Philippine logistics firm 2GO Group, Inc posted a net loss of P365 million in the first half of the year compared to last year’s P172-million loss.

Consolidated revenues reached P6.96 billion in January-June period or 9% higher than the year-ago level. The shipping business accounted for 71% of total revenues while supply chain made up 29%.

The freight business achieved a 21% year-on-year, or P554.41 million, growth in revenues in the first half due to an increase in both volumes and average price. Passage business revenues rose 10%, or P124.86 million, owing largely to the higher average rate per passenger. The 2GO Group now operates its whole vessel fleet, including that of Negros Navigation (Nenaco), under a time-charter arrangement.

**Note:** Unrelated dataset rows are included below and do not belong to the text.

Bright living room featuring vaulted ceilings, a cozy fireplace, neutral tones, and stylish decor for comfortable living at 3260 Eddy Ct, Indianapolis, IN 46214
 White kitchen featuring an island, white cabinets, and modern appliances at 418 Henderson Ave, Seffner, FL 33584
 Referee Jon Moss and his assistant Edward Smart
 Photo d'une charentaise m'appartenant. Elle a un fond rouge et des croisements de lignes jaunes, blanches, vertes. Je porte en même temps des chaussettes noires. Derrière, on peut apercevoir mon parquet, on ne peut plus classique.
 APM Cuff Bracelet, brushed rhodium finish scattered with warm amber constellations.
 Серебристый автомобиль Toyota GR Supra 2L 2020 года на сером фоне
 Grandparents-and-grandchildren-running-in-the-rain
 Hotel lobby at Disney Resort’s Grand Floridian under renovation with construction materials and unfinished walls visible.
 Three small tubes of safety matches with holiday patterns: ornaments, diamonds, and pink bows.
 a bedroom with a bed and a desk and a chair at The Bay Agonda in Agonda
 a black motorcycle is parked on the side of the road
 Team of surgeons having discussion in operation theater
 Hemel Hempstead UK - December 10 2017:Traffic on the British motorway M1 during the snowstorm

The supply chain business, however, recorded a 19% year-on-year decline in revenues mainly due to the disengagement of certain principals with negative profitability. This decline was partly mitigated by synergies achieved from the integration of 2Go with Nenaco, which helped reduce operating costs by 10%.

Fuel costs jumped 36% largely due to fuel price hikes, coupled with the addition of the Nenaco vessels to the combined fleet.

The 2GO Group said it continues to focus on maximizing the earning capacity of its assets and lowering overall costs, amid rising fuel costs and fierce competition.

Earlier, the company said it plans to slash capacity of its freighters by half in response to local trade requirements. 2GO said the capacity of freighters 2GO 1 and 2GO 2 – at 1,000 twenty-foot equivalent units (TEUs) each – is far too big for the Philippine market, especially given current slow trade conditions. Plans call for the sale of 2GO 1 and 2GO 2 and the acquisition of smaller-capacity ships, possibly two 500-TEU capacity vessels.